**YOUR OBJECTIVE:**
Reproduce exactly the lines below, starting with the line that contains "this 1200×711 image." and ending with the last line of the records, both included, and nothing else.

**DATA PROVIDED:**
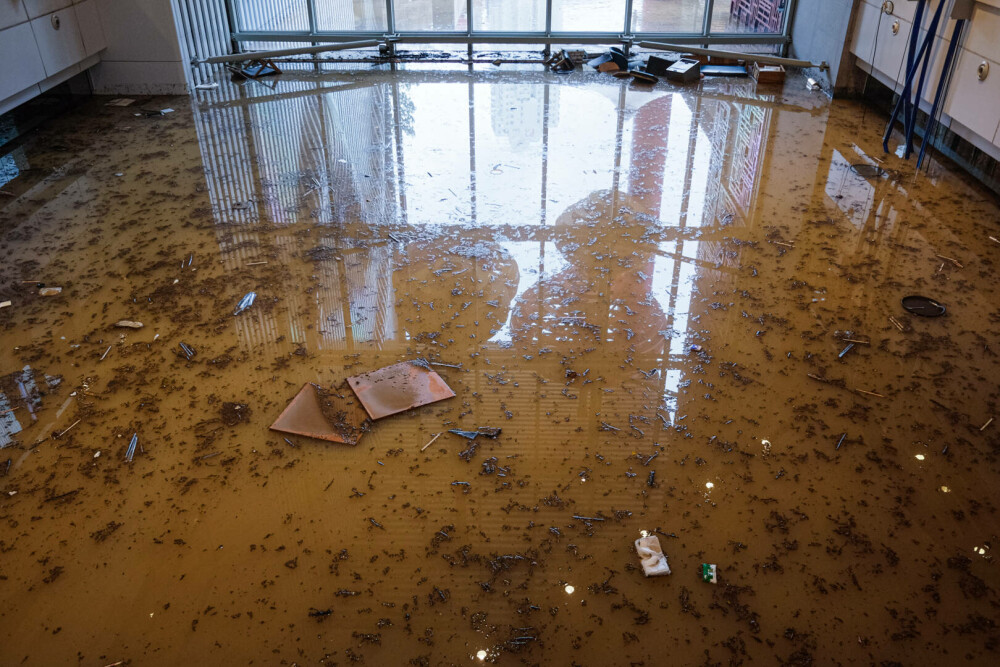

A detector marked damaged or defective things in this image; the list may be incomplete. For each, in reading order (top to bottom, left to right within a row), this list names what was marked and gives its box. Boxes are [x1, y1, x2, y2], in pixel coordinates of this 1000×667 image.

rusty metal sheet [268, 384, 370, 446]
rusty metal sheet [344, 362, 454, 420]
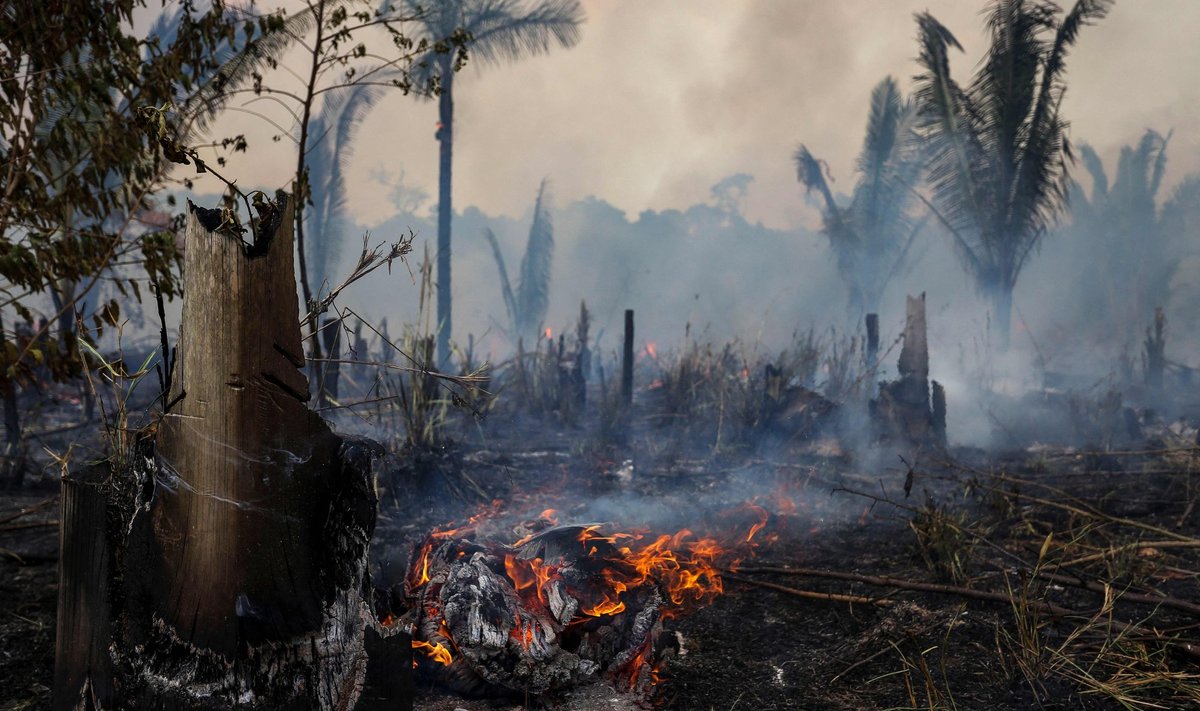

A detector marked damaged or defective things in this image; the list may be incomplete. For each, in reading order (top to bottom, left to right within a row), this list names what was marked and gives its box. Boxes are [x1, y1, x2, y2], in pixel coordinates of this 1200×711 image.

standing charred post [54, 192, 408, 706]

**OUTPUT:**
A detector marked damaged or defective things in this image; the list may be incomplete. For each, in reading order (top to bottom, left to right within a row), this list names what was marked and gives its box. Boxes are [x1, y1, x2, y2], in pixel coordinates of this 1200×711 image.

standing charred post [54, 192, 408, 706]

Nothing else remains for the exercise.